======== Input records

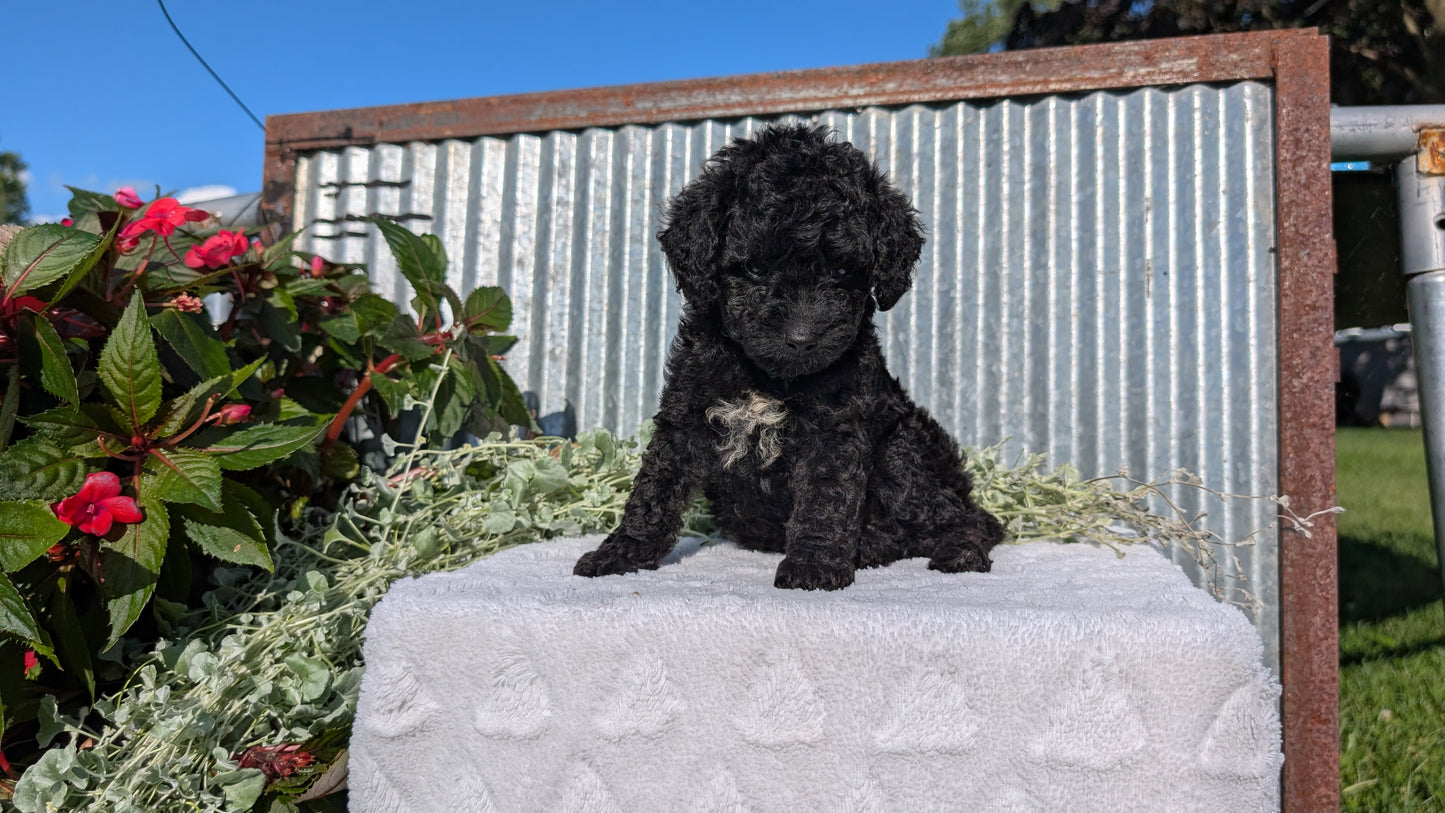 TOY POODLE (07/06) MALE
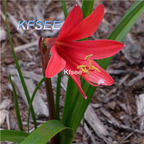10usd Prodgf 10Pcs A Set Zephyranthes Flower Bulb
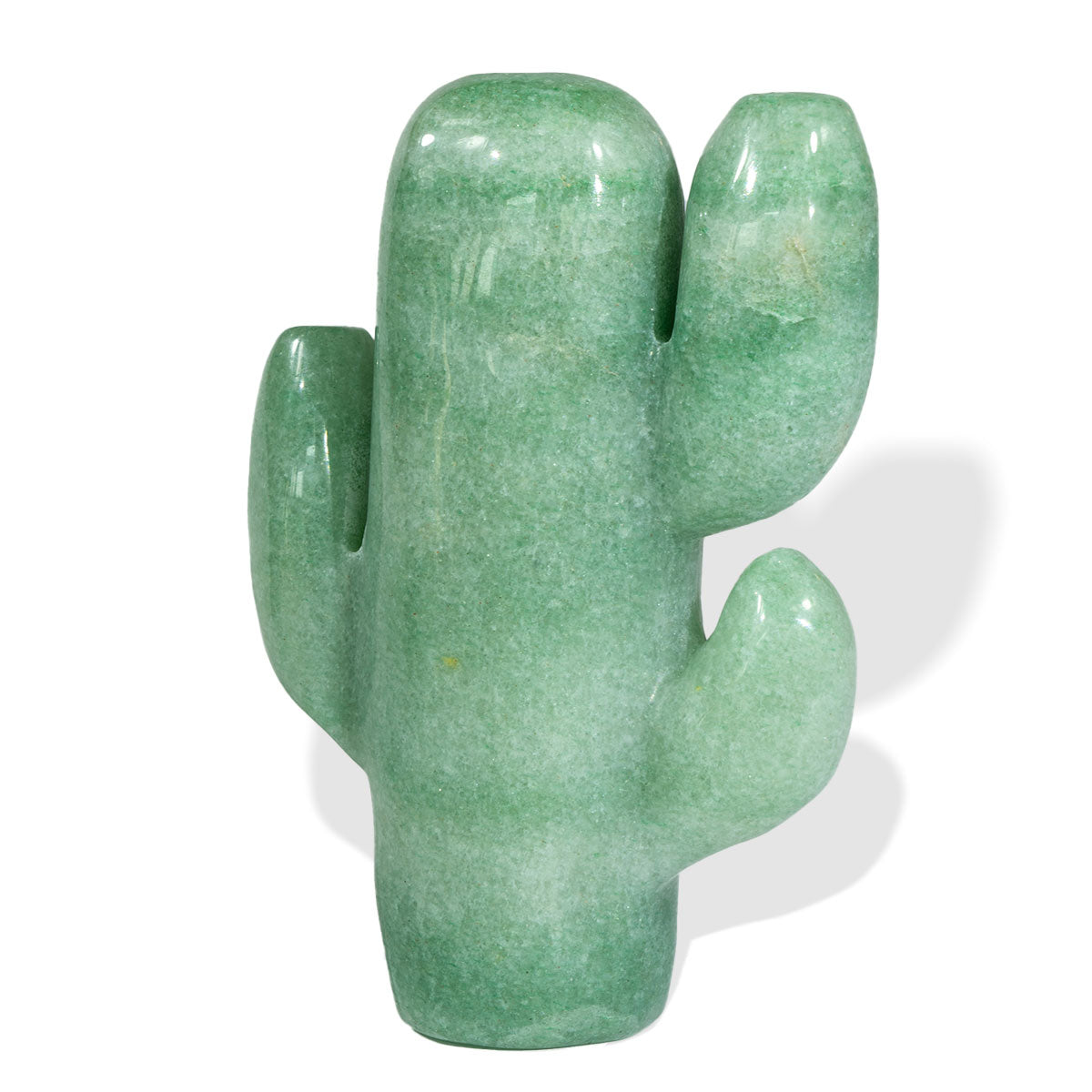Cactus de tres ramas de 2,7 pulgadas a granel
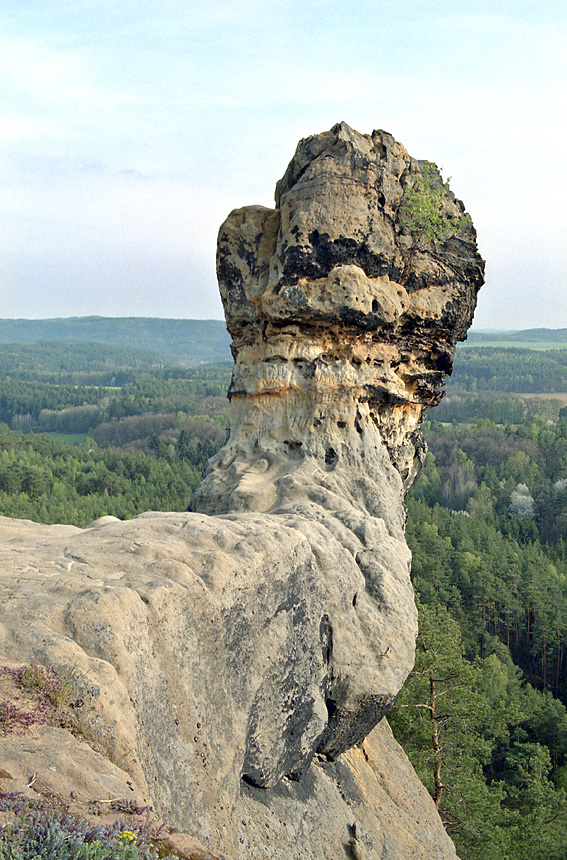 Vika - vt formt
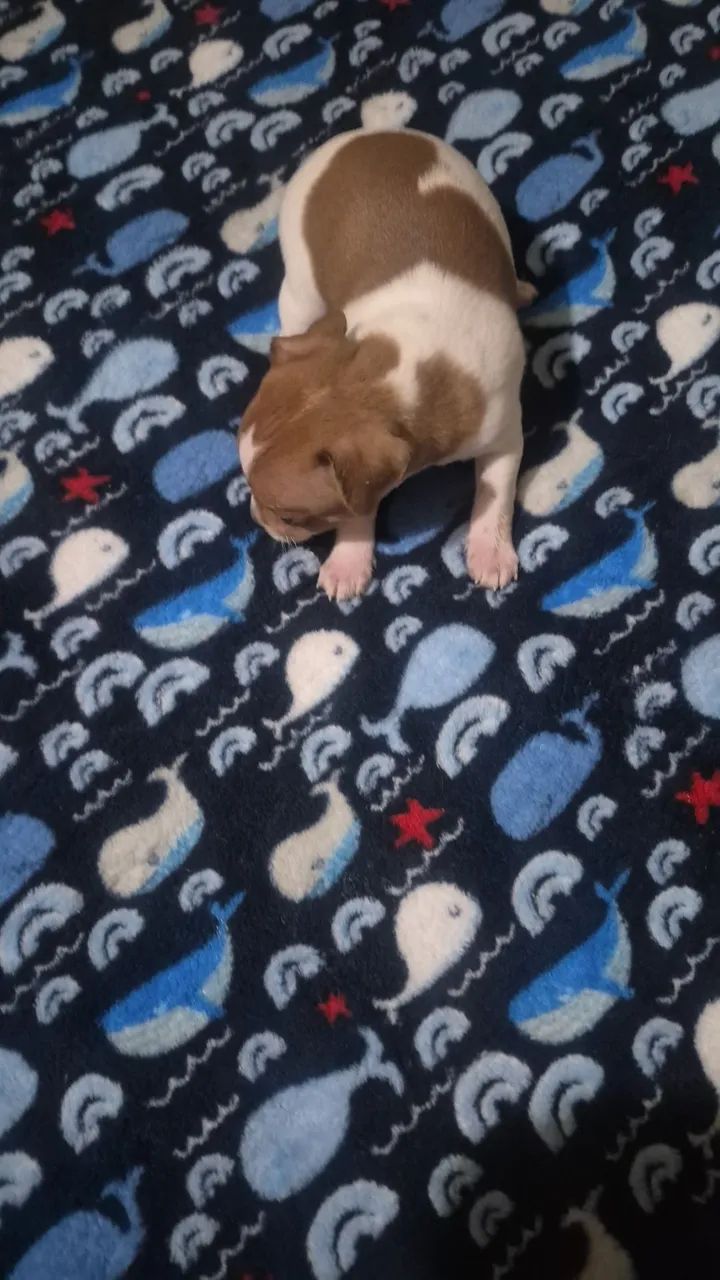 Vendesse cachorrinho - Foto 3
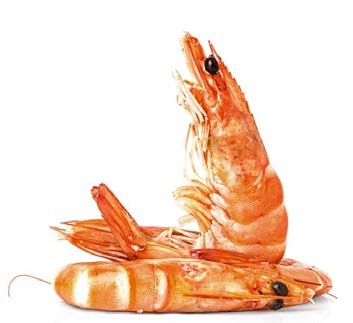 shrimp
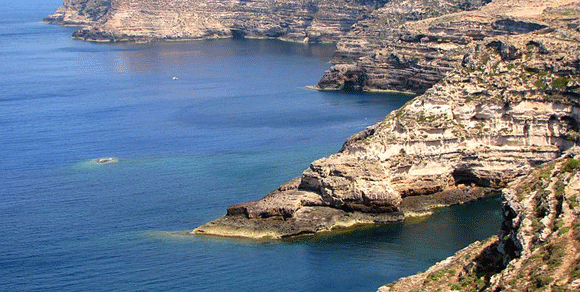 Lampedusa, al via centro per sterilizzazione randagi. E Baglioni adotta un cucciolo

================

Assigned task:
When the line containing "Vika - vt formt" has been located, retype it and each line after it through the end of the records, excluding the pictures and adding nothing else.

Response to this exercise:
 Vika - vt formt
 Vendesse cachorrinho - Foto 3
 shrimp
 Lampedusa, al via centro per sterilizzazione randagi. E Baglioni adotta un cucciolo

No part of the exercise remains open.